Pictures with short captions
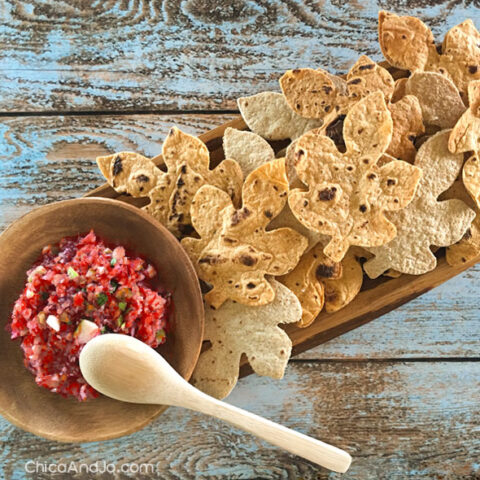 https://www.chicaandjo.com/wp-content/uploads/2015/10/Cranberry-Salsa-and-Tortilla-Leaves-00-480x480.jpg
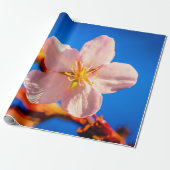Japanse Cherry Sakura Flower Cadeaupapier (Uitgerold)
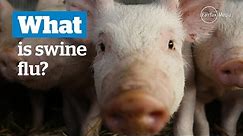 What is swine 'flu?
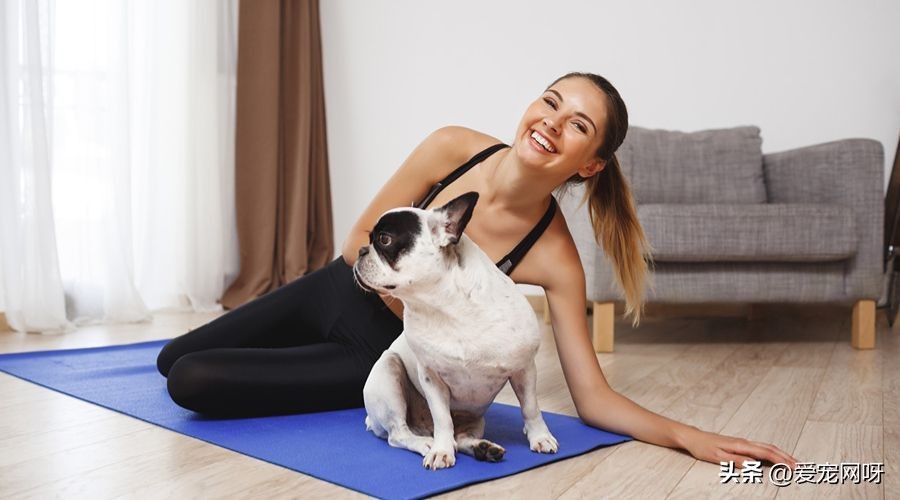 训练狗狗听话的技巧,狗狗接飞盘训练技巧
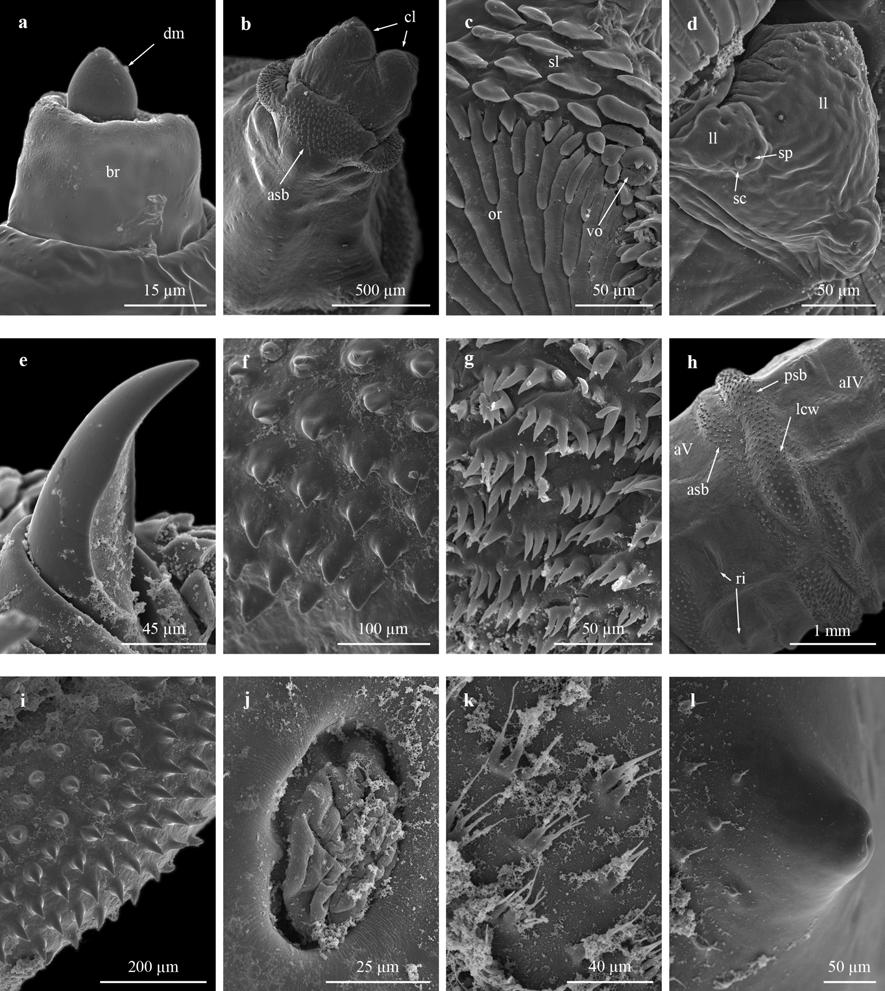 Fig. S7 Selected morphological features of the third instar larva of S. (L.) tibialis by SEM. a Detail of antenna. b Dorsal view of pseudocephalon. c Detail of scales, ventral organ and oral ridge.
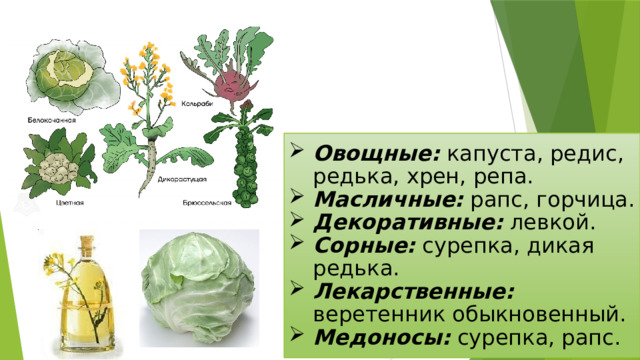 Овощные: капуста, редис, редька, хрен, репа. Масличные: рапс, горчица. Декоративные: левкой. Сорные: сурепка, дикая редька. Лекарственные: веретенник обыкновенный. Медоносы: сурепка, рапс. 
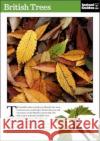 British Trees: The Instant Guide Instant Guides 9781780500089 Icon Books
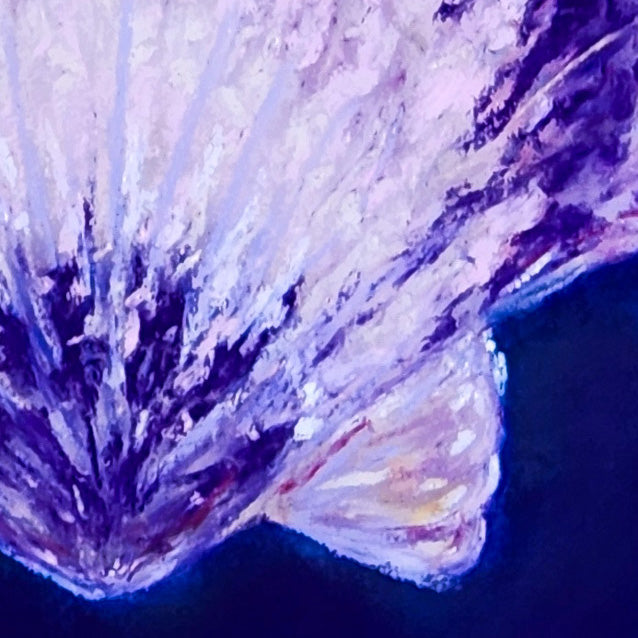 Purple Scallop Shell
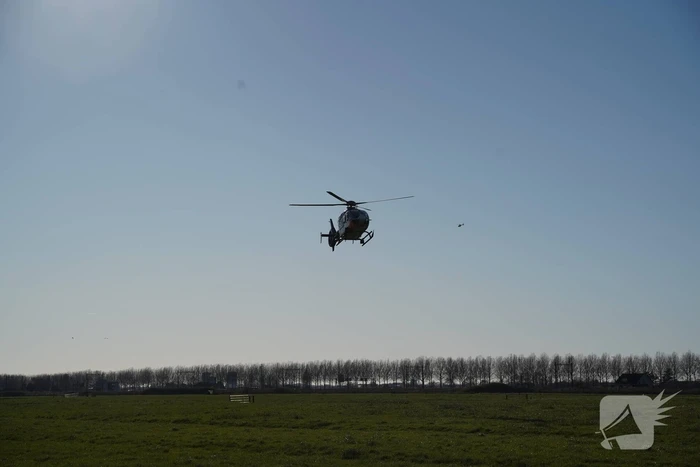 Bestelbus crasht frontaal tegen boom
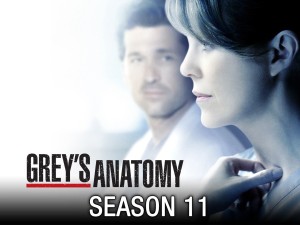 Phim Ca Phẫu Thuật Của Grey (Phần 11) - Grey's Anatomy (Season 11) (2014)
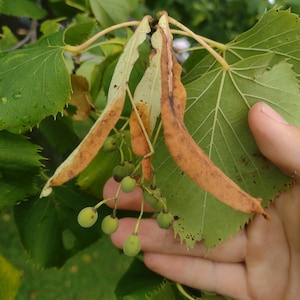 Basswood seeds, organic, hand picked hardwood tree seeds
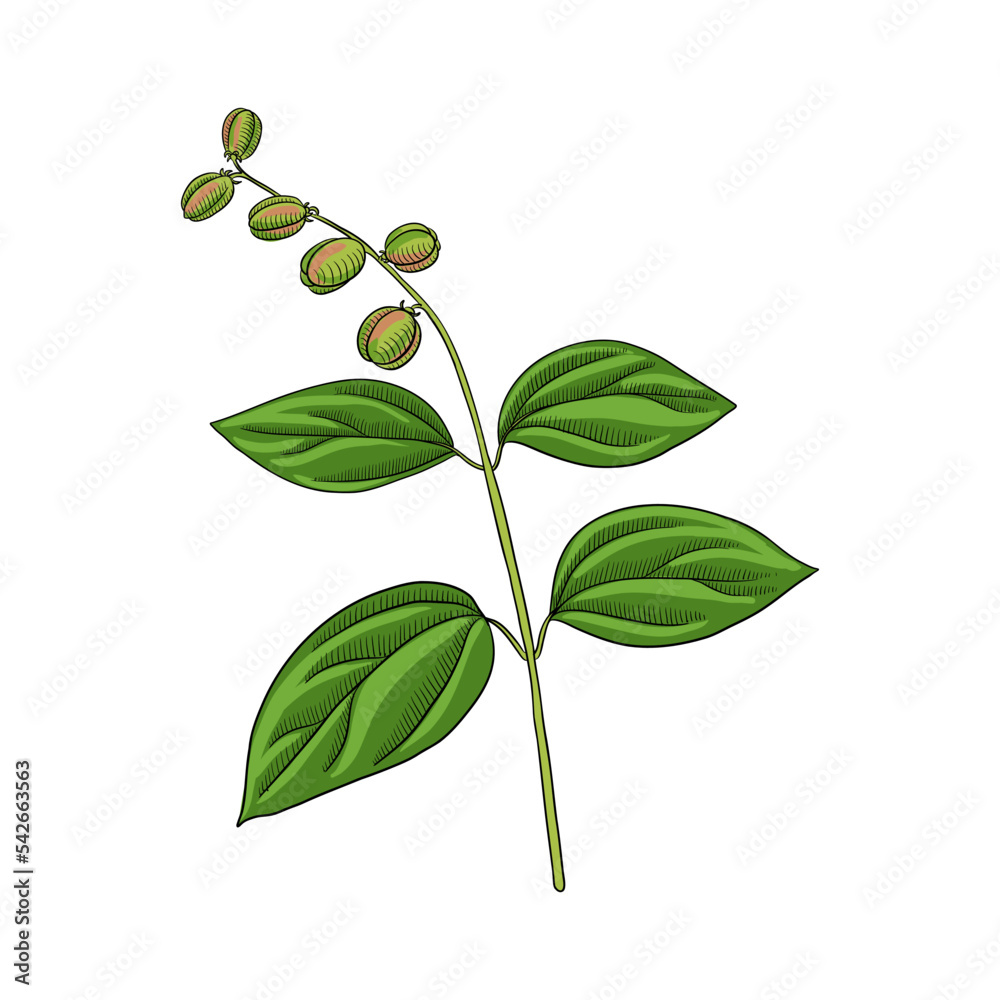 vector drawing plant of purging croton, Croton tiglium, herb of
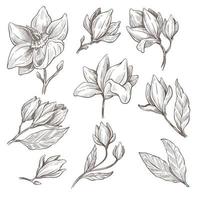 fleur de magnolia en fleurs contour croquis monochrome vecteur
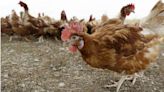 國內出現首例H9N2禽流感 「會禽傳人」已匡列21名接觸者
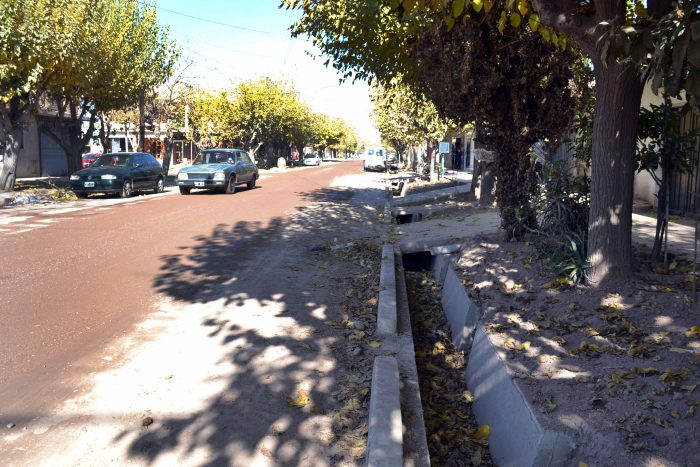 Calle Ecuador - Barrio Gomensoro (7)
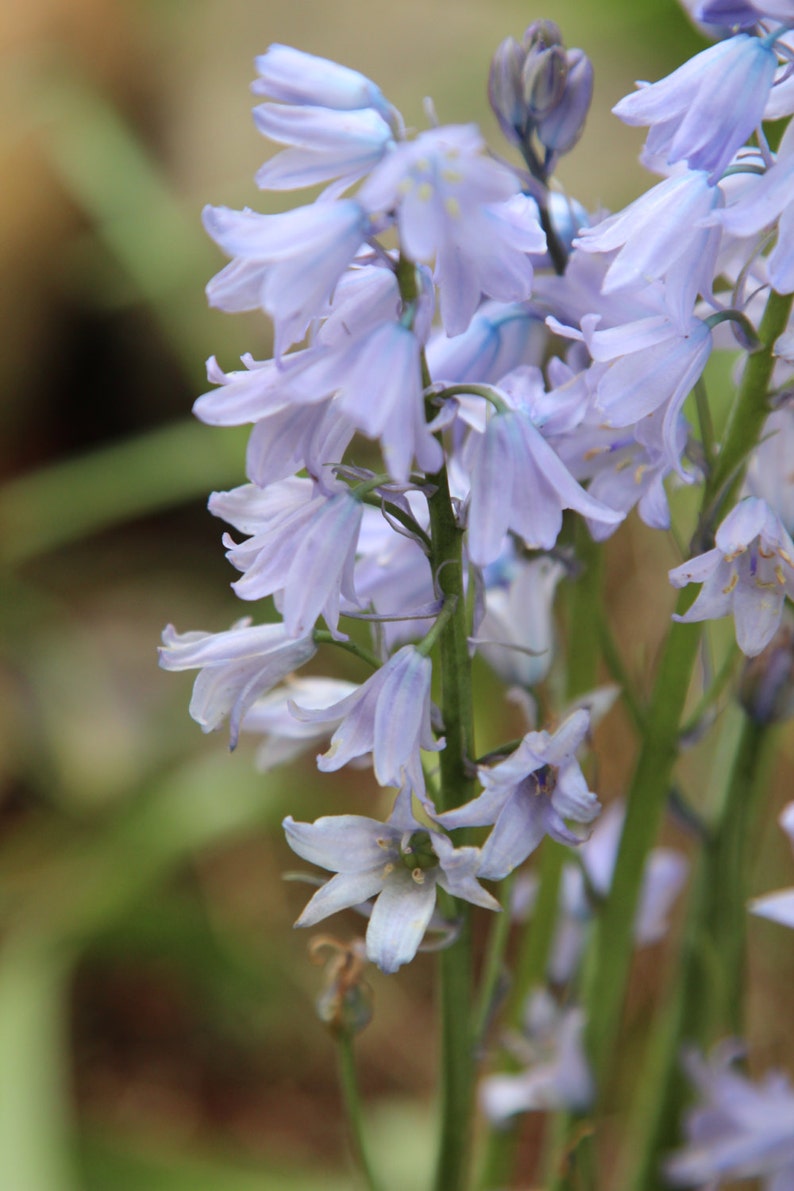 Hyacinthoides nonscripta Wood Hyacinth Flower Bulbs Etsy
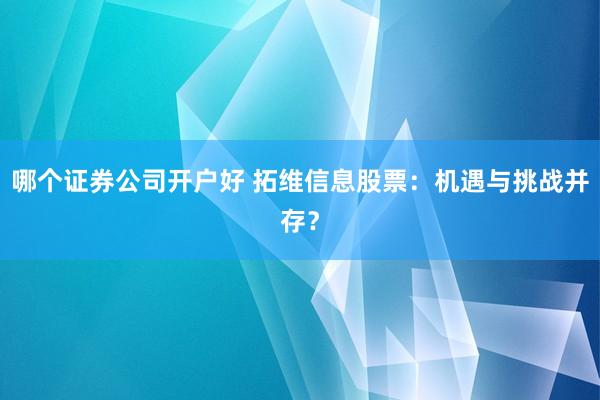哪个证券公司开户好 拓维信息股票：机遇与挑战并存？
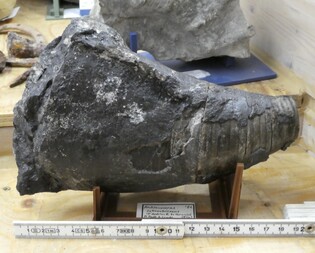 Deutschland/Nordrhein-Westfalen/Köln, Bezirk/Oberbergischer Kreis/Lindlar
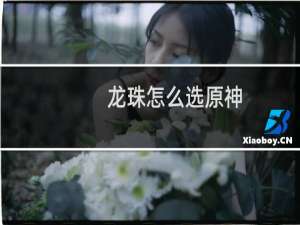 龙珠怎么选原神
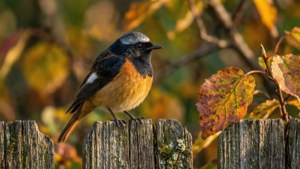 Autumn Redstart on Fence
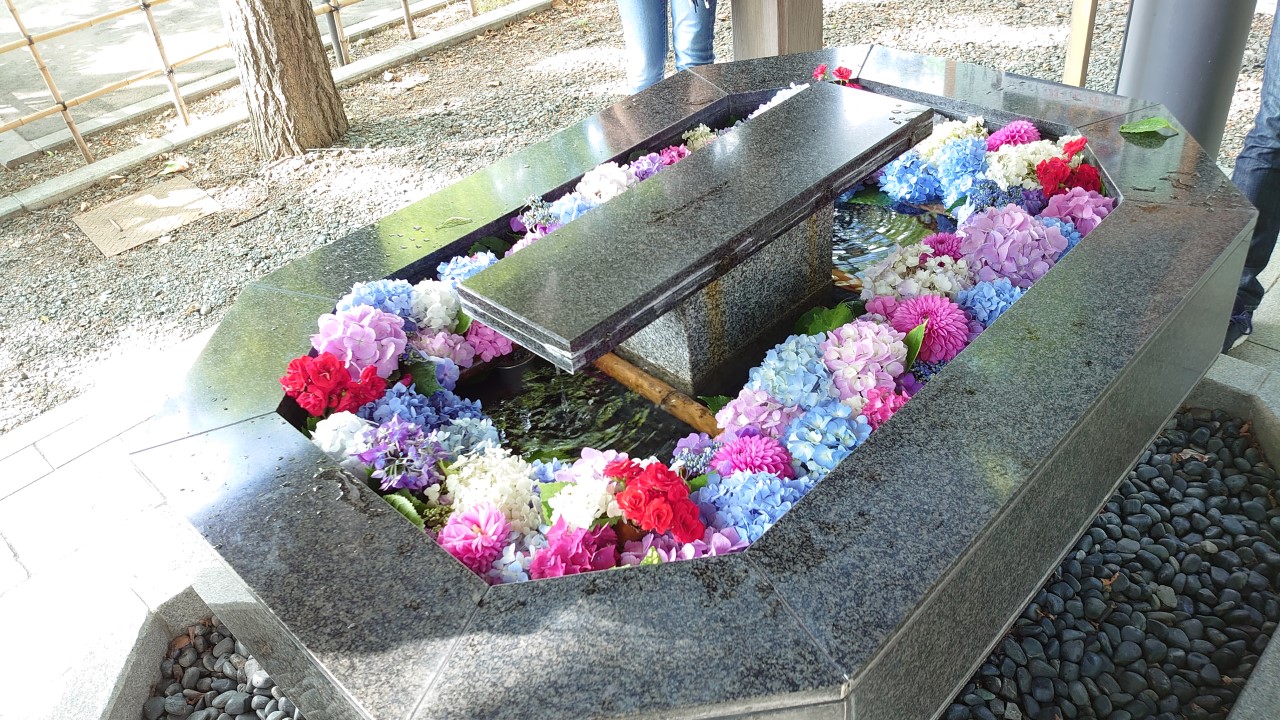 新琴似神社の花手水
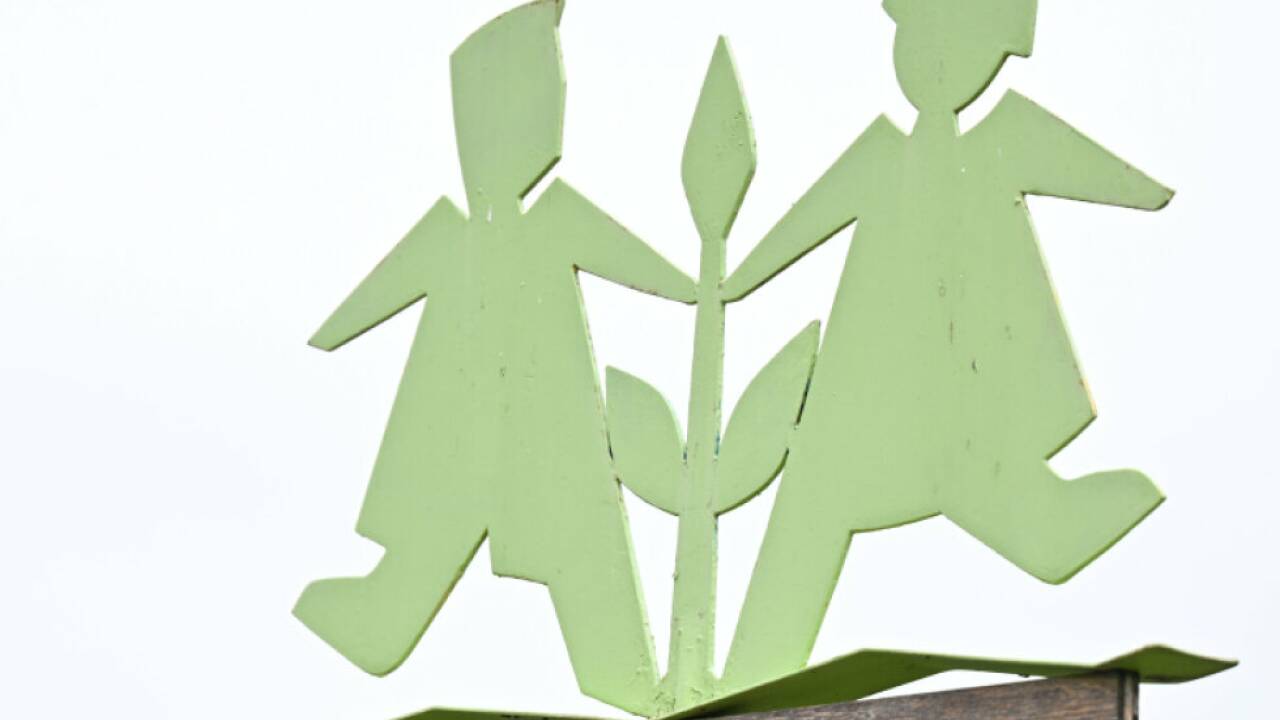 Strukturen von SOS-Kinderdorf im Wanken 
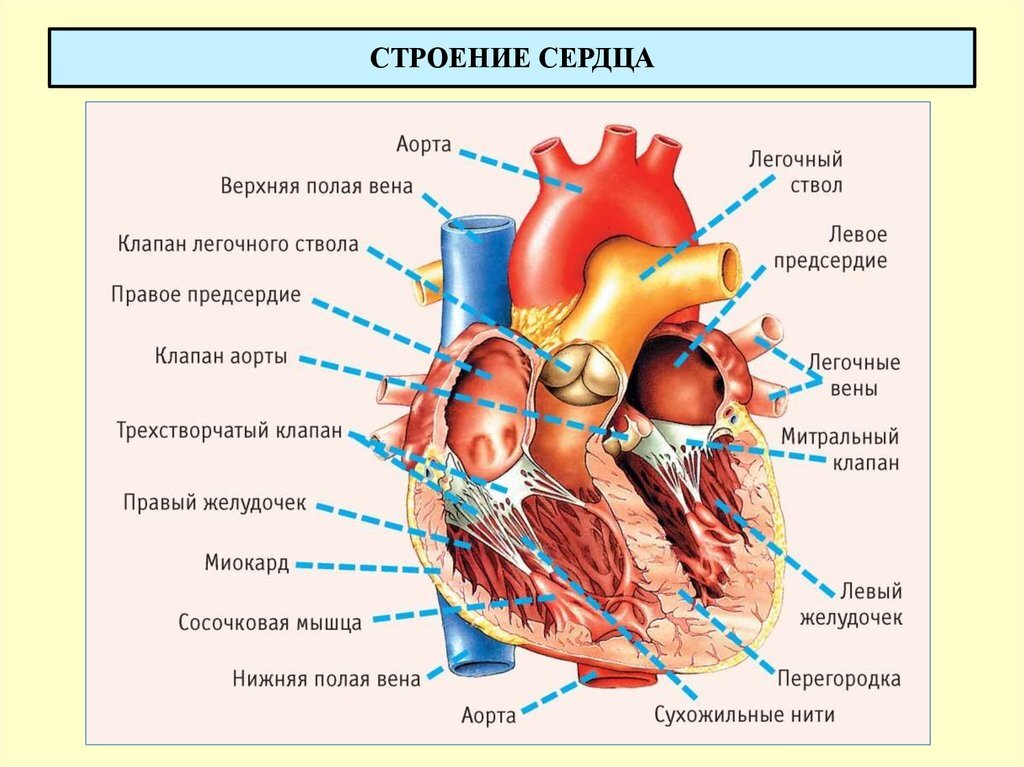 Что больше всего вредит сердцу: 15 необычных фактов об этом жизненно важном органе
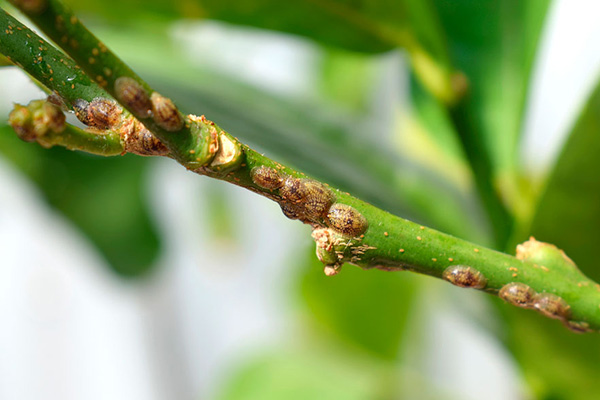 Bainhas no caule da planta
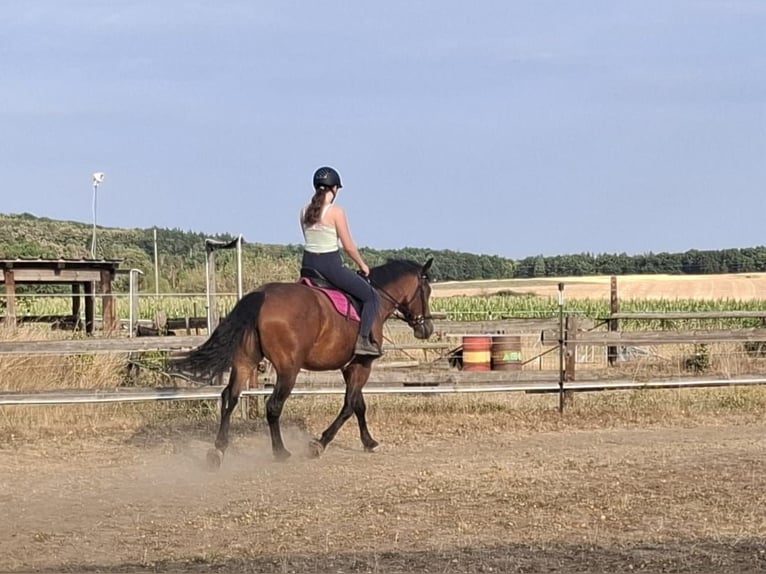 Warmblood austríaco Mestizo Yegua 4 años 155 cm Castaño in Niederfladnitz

▶ **Task item**
In the answer, the data should reappear exactly, with no pictures.

▶ **Written answer**
 https://www.chicaandjo.com/wp-content/uploads/2015/10/Cranberry-Salsa-and-Tortilla-Leaves-00-480x480.jpg
Japanse Cherry Sakura Flower Cadeaupapier (Uitgerold)
 What is swine 'flu?
 训练狗狗听话的技巧,狗狗接飞盘训练技巧
 Fig. S7 Selected morphological features of the third instar larva of S. (L.) tibialis by SEM. a Detail of antenna. b Dorsal view of pseudocephalon. c Detail of scales, ventral organ and oral ridge.
 Овощные: капуста, редис, редька, хрен, репа. Масличные: рапс, горчица. Декоративные: левкой. Сорные: сурепка, дикая редька. Лекарственные: веретенник обыкновенный. Медоносы: сурепка, рапс. 
 British Trees: The Instant Guide Instant Guides 9781780500089 Icon Books
 Purple Scallop Shell
 Bestelbus crasht frontaal tegen boom
 Phim Ca Phẫu Thuật Của Grey (Phần 11) - Grey's Anatomy (Season 11) (2014)
 Basswood seeds, organic, hand picked hardwood tree seeds
 vector drawing plant of purging croton, Croton tiglium, herb of
 fleur de magnolia en fleurs contour croquis monochrome vecteur
 國內出現首例H9N2禽流感 「會禽傳人」已匡列21名接觸者
 Calle Ecuador - Barrio Gomensoro (7)
 Hyacinthoides nonscripta Wood Hyacinth Flower Bulbs Etsy
哪个证券公司开户好 拓维信息股票：机遇与挑战并存？
 Deutschland/Nordrhein-Westfalen/Köln, Bezirk/Oberbergischer Kreis/Lindlar
 龙珠怎么选原神
 Autumn Redstart on Fence
 新琴似神社の花手水
 Strukturen von SOS-Kinderdorf im Wanken 
 Что больше всего вредит сердцу: 15 необычных фактов об этом жизненно важном органе
 Bainhas no caule da planta
 Warmblood austríaco Mestizo Yegua 4 años 155 cm Castaño in Niederfladnitz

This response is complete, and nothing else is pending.